So, yeah, again it's memory_order_release.

So, the use-case i most care about, parallel_reduce, appears to use memory_order_release and memory_order_acquire. I believe that's RCpc (not RCsc, not relaxed). The one memory order that i was hoping to leave out.

And it makes sense, because Relaxed doesn't sync at all, and SC is global; RCpc is local and yet provides some synchronization, so i can see how it could be useful.

---

so can i leave out relaxed? lets look at http://rsim.cs.illinois.edu/Pubs/msinclair-thesis.pdf again, section 3.3 3.3 Relaxed Atomic Use Cases and DRFRlx Model.

let's see.. Unpaired Atomics Use Case :: Work Queue sounds useful.
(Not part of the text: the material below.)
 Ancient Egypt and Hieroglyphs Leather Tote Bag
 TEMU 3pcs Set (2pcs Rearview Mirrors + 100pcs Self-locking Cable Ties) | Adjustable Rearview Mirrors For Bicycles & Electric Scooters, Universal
Here one thread is checking if another thread has put anything in its mailbox. Until there is something in the mailbox, there is no need to sync.

The given Commutative Atomics use case is an event counter, which i'm not sure if i care about, although i still feel like it could be useful for parallel reduce. The Non-Ordering Atomics use-case is in some ways similar to the previous, although i guess it's different, and i guess i care about it.

Speculative Atomics uses sequence numbers and hence is either not usable in all situations or is not 100% deterministically safe (what if the sequence number wraps around...). So i don't really care for this case.

The quantum case may be a bit too far, as pointed out in http://altair.cs.oswego.edu/pipermail/memory-model-design/2018-July/000089.html and quoted above. Also, it requires significantly complicating the formal model.

So it looks like, if i don't need speculative or quantum, i can stick with DRFrlx Formal Definition (Version 2) on page 61 after the section on non-ordering.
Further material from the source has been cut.